RE: [RFC PATCH v12 00/17] dlb: introduce DLB device driver

From: Chen, Mike Ximing
Date: Tue Dec 21 2021 - 23:37:37 EST




> -----Original Message-----
> From: Andrew Lunn <andrew@xxxxxxx>
> Sent: Tuesday, December 21, 2021 4:41 AM
> To: Chen, Mike Ximing <mike.ximing.chen@xxxxxxxxx>
> Cc: linux-kernel@xxxxxxxxxxxxxxx; arnd@xxxxxxxx; gregkh@xxxxxxxxxxxxxxxxxxx; Williams, Dan J
> <dan.j.williams@xxxxxxxxx>; pierre-louis.bossart@xxxxxxxxxxxxxxx; netdev@xxxxxxxxxxxxxxx;
> davem@xxxxxxxxxxxxx; kuba@xxxxxxxxxx
> Subject: Re: [RFC PATCH v12 00/17] dlb: introduce DLB device driver
>
> > 1. Before a scheduling domain is created/enabled, a set of parameters
> > are passed to the kernel driver via configfs attribute files in an
> > configfs domain directory (say $domain) created by user. Each
> > attribute file corresponds to a configuration parameter of the domain.
> > After writing to all the attribute files, user writes 1 to "create"
> > attribute, which triggers an action (i.e., domain creation) in the
> > kernel driver. Since multiple processes/users can access the $domain
> > directory, multiple users can write to the attribute files at the same
> > time. How do we guarantee an atomic update/configuration of a domain?

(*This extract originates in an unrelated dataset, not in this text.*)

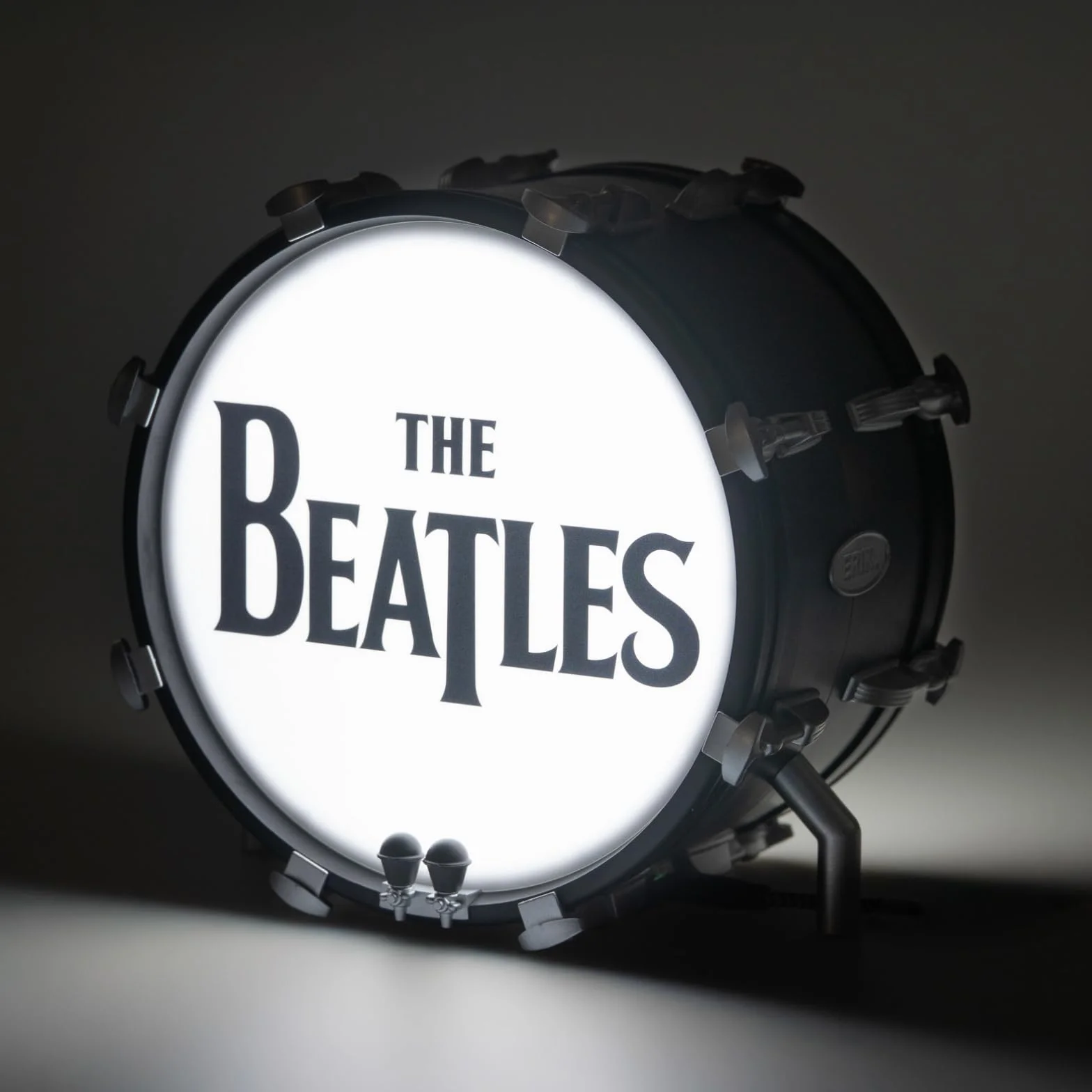Grupo Erik Battery Lamp - The Beatles Gifts for Men & for Women | Desk Lamp Table, Mood Light, Gaming Light | Drum Music Gifts, Cool Room Decor, The Beatles Merchandise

> > In other words, if user A wants to set attributes 1 and 2, how can we
> > prevent user B from changing attribute 1 and 2 before user A writes 1
> > to "create"? A configfs directory with individual attribute files
> > seems to not be able to provide atomic configuration in this case. One
> > option to solve this issue could be write a structured data (with a
> > set of parameters) to a single attribute file. This would guarantee the atomic configuration, but may not
> be a conventional configfs operation.
>
> How about throw away configfs and use netlink? Messages are atomic, and you can add an arbitrary
> number of attributes to a single netlink message. It will also make your code more network like, since
> nothing else in the network stack uses configfs, as far as i know.
>
Hi Andrew,
As I explained in my other response, DLB is not a network accelerator and DLB
driver is not a part of network stack. We would obviously prefer to resolve the
atomic update and resource reset at tear-down Issues within the configfs
framework if possible. But I will take a look at the netlink implementations.